Giving it to God was the default way to handle mental illness until the middle ages. At that point, someone got the crazy idea that maybe it was naturally occurring and started pursuing that route.
Since then the average for successful outcomes have been steadily improving.

And i speak from experience too, much as you do, but I'll bet you a beer that the difference is that my experiences can be independently verified and are documented.

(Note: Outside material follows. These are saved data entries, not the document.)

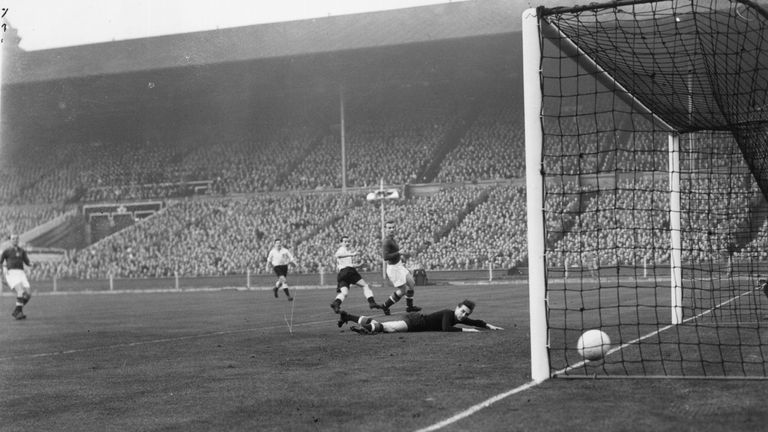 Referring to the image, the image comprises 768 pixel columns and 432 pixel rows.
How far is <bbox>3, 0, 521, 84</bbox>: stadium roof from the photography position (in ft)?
134

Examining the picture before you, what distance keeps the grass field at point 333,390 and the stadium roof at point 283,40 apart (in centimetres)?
2935

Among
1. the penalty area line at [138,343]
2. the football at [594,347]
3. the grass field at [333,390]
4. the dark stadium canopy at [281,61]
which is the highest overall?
the dark stadium canopy at [281,61]

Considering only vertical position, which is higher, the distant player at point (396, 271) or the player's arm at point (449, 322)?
the distant player at point (396, 271)

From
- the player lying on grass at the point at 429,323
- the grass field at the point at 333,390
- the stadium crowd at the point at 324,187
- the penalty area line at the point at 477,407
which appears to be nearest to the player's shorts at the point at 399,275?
the grass field at the point at 333,390

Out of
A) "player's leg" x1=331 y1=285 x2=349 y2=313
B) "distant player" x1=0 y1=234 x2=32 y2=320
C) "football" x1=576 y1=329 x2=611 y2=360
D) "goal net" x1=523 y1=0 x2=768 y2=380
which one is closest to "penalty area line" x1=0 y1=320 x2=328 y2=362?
"player's leg" x1=331 y1=285 x2=349 y2=313

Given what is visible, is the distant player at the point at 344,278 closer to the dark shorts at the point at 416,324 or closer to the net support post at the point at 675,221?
the dark shorts at the point at 416,324

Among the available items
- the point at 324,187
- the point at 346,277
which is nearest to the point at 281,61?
the point at 324,187

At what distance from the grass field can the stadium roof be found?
29.3 m

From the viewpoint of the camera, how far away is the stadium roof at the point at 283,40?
4078cm

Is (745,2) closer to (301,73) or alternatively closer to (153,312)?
(153,312)

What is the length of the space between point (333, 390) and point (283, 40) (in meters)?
38.3

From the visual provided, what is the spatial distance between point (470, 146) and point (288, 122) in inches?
467

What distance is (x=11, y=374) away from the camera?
9914mm

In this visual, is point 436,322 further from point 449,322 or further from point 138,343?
point 138,343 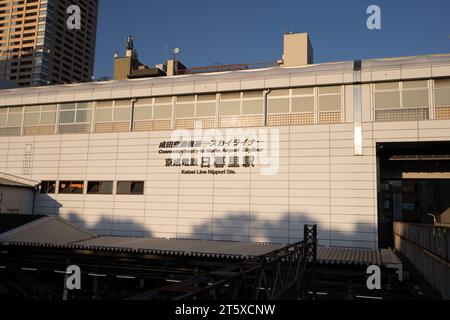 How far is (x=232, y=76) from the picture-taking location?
91.6 ft

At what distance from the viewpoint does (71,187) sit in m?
30.5

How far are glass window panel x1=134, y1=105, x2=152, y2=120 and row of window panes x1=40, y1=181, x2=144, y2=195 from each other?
4730 mm

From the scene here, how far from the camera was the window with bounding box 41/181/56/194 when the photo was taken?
31.1m

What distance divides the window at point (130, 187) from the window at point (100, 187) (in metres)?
0.71

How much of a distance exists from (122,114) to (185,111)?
16.5 feet

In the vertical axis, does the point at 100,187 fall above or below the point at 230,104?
below

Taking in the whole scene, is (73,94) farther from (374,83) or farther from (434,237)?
(434,237)

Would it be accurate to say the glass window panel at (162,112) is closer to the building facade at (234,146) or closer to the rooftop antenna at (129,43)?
the building facade at (234,146)

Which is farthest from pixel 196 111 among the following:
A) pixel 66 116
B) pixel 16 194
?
pixel 16 194

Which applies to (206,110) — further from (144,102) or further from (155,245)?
(155,245)

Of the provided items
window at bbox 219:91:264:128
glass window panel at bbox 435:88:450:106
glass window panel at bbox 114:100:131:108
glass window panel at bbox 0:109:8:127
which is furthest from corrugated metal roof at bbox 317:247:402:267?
glass window panel at bbox 0:109:8:127

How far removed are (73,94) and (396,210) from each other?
67.2 metres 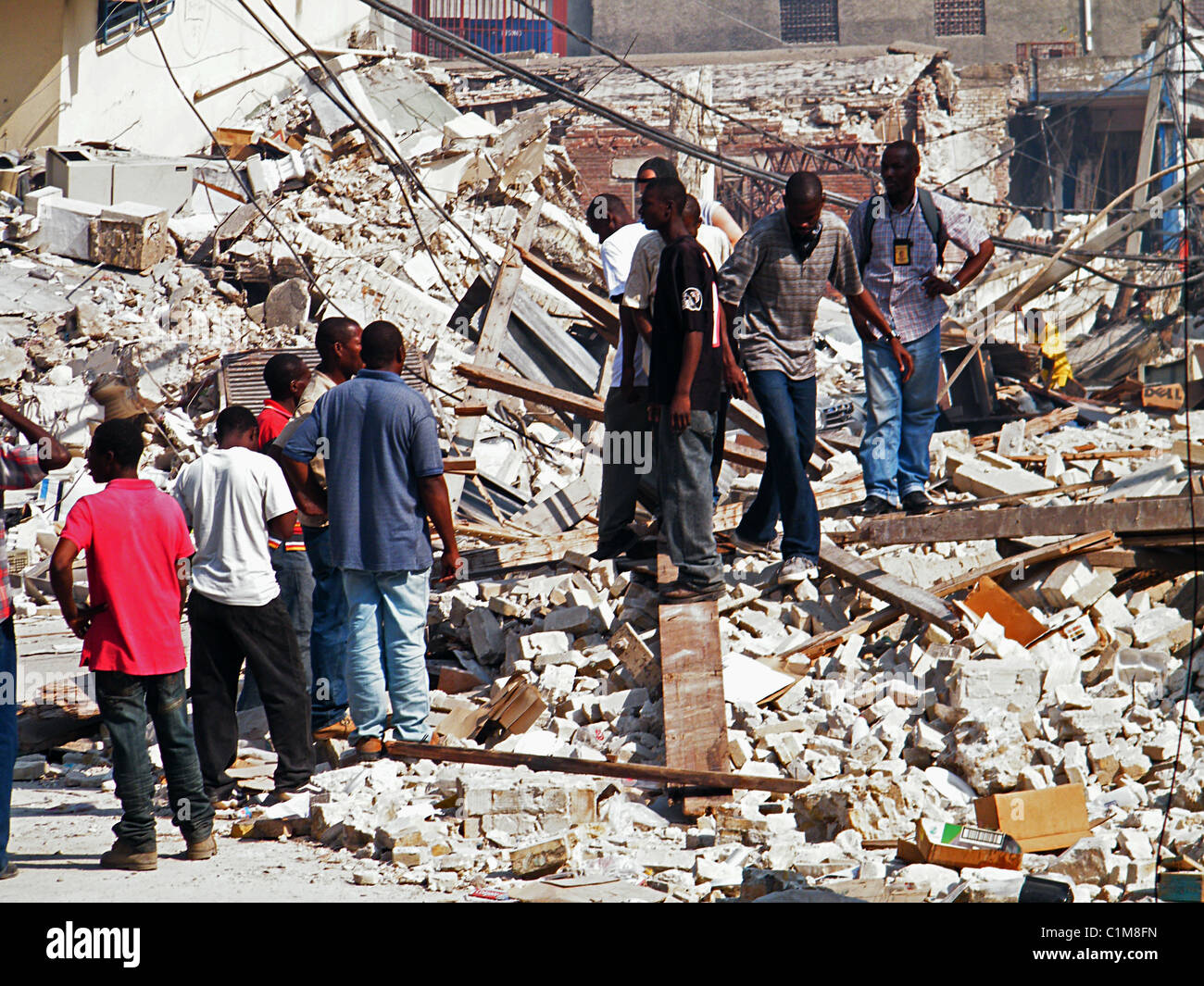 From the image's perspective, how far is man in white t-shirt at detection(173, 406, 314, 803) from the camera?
448cm

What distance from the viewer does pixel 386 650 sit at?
16.0 feet

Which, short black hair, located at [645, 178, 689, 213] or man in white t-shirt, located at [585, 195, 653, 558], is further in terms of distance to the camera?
man in white t-shirt, located at [585, 195, 653, 558]

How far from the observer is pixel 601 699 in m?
5.14

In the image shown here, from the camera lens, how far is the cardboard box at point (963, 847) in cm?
369

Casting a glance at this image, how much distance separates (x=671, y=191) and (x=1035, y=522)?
2258mm

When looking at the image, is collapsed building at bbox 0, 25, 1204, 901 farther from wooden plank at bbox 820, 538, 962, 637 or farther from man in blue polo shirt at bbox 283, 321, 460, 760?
man in blue polo shirt at bbox 283, 321, 460, 760

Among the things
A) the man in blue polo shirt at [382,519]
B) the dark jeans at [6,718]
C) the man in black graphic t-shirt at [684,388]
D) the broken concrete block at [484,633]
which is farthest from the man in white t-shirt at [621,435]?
the dark jeans at [6,718]

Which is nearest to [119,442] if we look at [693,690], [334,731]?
[334,731]

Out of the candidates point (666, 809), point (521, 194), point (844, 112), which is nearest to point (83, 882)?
point (666, 809)

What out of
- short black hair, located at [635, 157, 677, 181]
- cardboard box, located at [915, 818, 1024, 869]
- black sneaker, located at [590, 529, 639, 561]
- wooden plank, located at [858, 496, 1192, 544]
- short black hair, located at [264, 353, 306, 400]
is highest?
short black hair, located at [635, 157, 677, 181]

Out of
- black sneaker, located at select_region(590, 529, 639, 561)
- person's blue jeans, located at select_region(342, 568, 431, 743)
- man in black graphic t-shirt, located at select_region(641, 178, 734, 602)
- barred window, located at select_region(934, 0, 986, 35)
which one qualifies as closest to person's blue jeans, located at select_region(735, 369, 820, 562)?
man in black graphic t-shirt, located at select_region(641, 178, 734, 602)

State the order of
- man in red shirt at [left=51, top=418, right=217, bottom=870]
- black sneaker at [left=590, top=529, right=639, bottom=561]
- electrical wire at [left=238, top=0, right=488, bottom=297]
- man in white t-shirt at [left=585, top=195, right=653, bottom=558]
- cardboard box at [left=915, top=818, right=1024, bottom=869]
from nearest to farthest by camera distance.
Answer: cardboard box at [left=915, top=818, right=1024, bottom=869], man in red shirt at [left=51, top=418, right=217, bottom=870], man in white t-shirt at [left=585, top=195, right=653, bottom=558], black sneaker at [left=590, top=529, right=639, bottom=561], electrical wire at [left=238, top=0, right=488, bottom=297]

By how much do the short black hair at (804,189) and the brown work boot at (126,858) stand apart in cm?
359

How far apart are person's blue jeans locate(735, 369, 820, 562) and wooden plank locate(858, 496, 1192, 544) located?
0.52 m
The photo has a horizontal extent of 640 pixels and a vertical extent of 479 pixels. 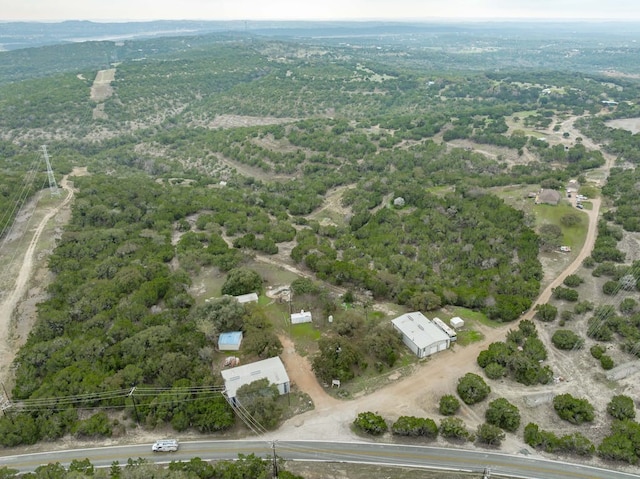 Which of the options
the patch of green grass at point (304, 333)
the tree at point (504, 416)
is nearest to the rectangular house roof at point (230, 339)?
the patch of green grass at point (304, 333)

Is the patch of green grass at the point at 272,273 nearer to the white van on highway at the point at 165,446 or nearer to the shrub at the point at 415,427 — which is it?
the white van on highway at the point at 165,446

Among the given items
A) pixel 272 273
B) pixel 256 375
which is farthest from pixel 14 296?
pixel 256 375

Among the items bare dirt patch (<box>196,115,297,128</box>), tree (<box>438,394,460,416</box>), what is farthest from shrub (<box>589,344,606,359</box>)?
bare dirt patch (<box>196,115,297,128</box>)

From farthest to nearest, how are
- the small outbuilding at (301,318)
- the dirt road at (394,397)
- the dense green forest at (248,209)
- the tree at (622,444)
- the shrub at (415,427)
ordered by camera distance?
Result: the small outbuilding at (301,318) → the dense green forest at (248,209) → the dirt road at (394,397) → the shrub at (415,427) → the tree at (622,444)

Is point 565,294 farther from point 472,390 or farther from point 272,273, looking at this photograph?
point 272,273

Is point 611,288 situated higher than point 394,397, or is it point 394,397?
point 611,288

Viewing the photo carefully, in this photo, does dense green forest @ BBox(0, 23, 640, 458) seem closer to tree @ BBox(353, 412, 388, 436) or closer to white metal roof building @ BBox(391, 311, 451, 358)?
white metal roof building @ BBox(391, 311, 451, 358)

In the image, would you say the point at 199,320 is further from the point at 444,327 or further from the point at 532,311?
the point at 532,311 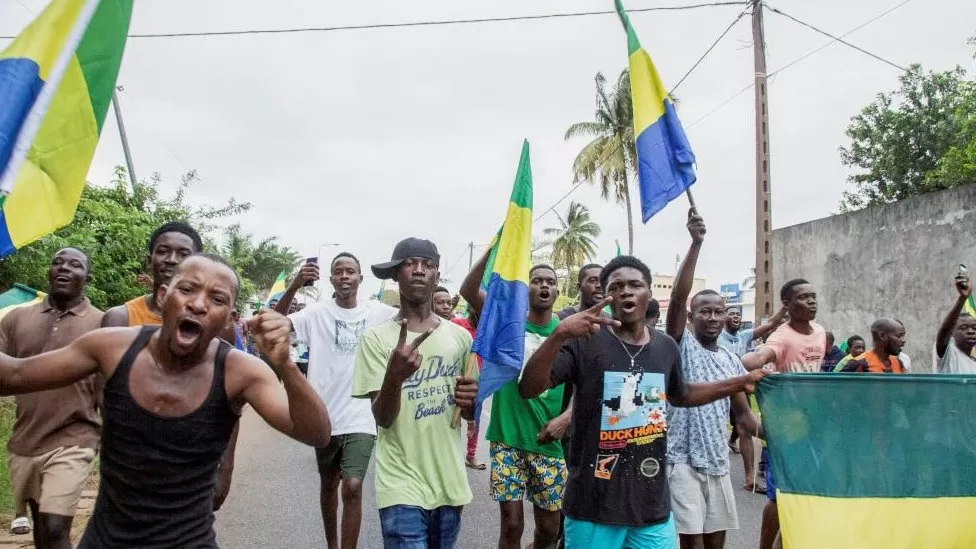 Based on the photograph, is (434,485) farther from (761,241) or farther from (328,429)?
(761,241)

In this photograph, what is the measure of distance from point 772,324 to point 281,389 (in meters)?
6.41

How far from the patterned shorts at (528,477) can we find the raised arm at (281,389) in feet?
7.22

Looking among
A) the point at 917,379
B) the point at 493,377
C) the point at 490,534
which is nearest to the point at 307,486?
the point at 490,534

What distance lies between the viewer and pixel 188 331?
257 centimetres

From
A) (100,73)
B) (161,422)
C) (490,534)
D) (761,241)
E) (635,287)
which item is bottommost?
(490,534)

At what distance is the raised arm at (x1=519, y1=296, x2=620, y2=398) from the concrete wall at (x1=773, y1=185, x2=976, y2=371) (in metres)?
11.7

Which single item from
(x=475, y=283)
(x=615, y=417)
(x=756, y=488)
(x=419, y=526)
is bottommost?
(x=756, y=488)

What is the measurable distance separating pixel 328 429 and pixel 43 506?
248cm

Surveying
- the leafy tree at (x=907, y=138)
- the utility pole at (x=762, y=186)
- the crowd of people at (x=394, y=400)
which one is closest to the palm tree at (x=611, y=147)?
the leafy tree at (x=907, y=138)

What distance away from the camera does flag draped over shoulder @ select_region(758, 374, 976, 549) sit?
3.61 meters

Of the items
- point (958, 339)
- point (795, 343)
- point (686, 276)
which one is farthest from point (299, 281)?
point (958, 339)

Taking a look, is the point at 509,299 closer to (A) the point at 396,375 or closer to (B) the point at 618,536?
(A) the point at 396,375

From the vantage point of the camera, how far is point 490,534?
6.10 m

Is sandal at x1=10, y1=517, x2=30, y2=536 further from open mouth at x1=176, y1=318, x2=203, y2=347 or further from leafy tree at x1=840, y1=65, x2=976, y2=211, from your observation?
leafy tree at x1=840, y1=65, x2=976, y2=211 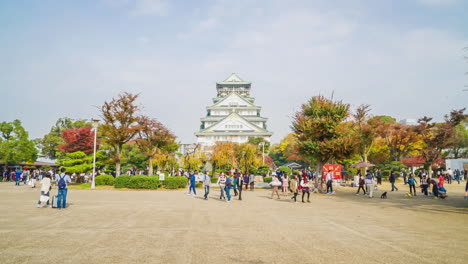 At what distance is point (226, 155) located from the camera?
98.3ft

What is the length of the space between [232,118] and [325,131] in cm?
4506

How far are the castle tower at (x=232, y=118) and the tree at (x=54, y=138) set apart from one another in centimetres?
2358

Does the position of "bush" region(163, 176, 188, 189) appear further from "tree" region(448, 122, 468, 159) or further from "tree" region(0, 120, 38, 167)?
"tree" region(448, 122, 468, 159)

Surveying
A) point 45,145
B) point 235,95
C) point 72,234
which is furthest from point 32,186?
point 235,95

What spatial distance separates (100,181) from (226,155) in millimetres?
12337

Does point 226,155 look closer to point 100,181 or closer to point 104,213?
point 100,181

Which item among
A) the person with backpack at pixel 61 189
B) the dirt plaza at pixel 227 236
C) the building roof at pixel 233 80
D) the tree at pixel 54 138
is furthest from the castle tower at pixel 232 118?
the dirt plaza at pixel 227 236

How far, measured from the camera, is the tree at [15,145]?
30734 mm

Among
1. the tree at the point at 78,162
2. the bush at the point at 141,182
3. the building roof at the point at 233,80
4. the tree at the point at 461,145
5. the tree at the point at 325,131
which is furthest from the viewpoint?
the building roof at the point at 233,80

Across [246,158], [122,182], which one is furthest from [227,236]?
[246,158]

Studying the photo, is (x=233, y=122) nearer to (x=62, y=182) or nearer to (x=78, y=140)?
(x=78, y=140)

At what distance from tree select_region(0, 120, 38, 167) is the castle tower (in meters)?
33.2

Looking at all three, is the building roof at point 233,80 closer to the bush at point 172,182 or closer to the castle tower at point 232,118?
the castle tower at point 232,118

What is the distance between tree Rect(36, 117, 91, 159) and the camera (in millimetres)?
46656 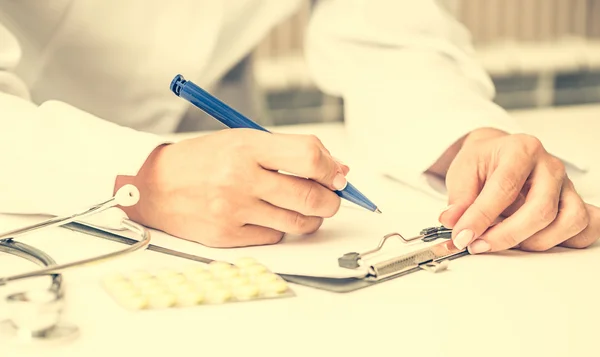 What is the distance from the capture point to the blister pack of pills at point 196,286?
0.58 meters

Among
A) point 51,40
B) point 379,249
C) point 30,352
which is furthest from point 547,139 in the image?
point 30,352

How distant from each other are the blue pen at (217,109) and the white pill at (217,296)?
0.20m

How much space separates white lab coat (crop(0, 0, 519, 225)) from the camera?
0.98 metres

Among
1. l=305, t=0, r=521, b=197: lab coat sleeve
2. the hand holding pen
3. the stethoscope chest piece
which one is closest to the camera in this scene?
the stethoscope chest piece

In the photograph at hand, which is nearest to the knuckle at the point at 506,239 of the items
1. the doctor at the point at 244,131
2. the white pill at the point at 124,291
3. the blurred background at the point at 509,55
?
the doctor at the point at 244,131

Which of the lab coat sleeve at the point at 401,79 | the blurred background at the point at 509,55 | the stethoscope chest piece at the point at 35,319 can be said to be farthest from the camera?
the blurred background at the point at 509,55

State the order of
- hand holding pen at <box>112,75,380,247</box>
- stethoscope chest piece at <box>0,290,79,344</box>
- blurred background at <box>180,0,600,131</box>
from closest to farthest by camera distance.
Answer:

Prup (aka Jim Benton) said...

First, Lee: I think you understate the case. It is not just in medicine that 'giving it to God' has shown no record of success comparable to the record science has accomplished. I'll ask you, and more, any believers, any area where they can claim that 'giving it to God' HAS succeeded better than purely secular action by man.

I'll give one main example, the weather. As long as things like lightning and hurricanes were viewed as 'Acts of God' the death toll kept about the same. But lightning rods, satellite weather viewing and predicting, etc. have lessened -- not eliminated but lessened the toll from these 'acts of God.'

Imagine the following 'mind-experiment.' Imagine a town full of believers who decide to 'give' traffic control to God, for one week. During that week there would be no traffic enforcement, the traffic lights would be turned off, no use of radar or enforcement of drunk driving regulations, etc. But every person in that town would report to Church every morning and pray, sincerely that they would be kept safe from traffic accidents. The results I leave to your imagination -- but I wouldn't set foot in that town that week.

As to 3M's cliches about 'not putting God to the test,' doesn't God want people to believe in him? And by responding to such a test, he would immediately bring thousands of skeptics, doubters, and unbelievers -- as well as believers in 'false religions' to belief in Him.

Your comments "If someone doubts you and holds to that doubt, there is nothing you can do to convince that person. But if someone knows you and is open to trusting you, then you are not even scrutinized in the first place, are you??" are simply nonsense. That's what evidence is for. (A certain American President said very few sensible things in his career, but 'trust but verify' was one of them.)

Of course, if someone trusted me, I would still expect them to verify my statements. That's why I quote sources, that's why I welcome challenges -- and why I differed with John in the dispute that removed me as a member here.

More later, I'm running late for a doctor's appointment.

Manifesting Mini Me (MMM) said...

Lee, I'd love to have a beer with you, even though I prefer Merlot.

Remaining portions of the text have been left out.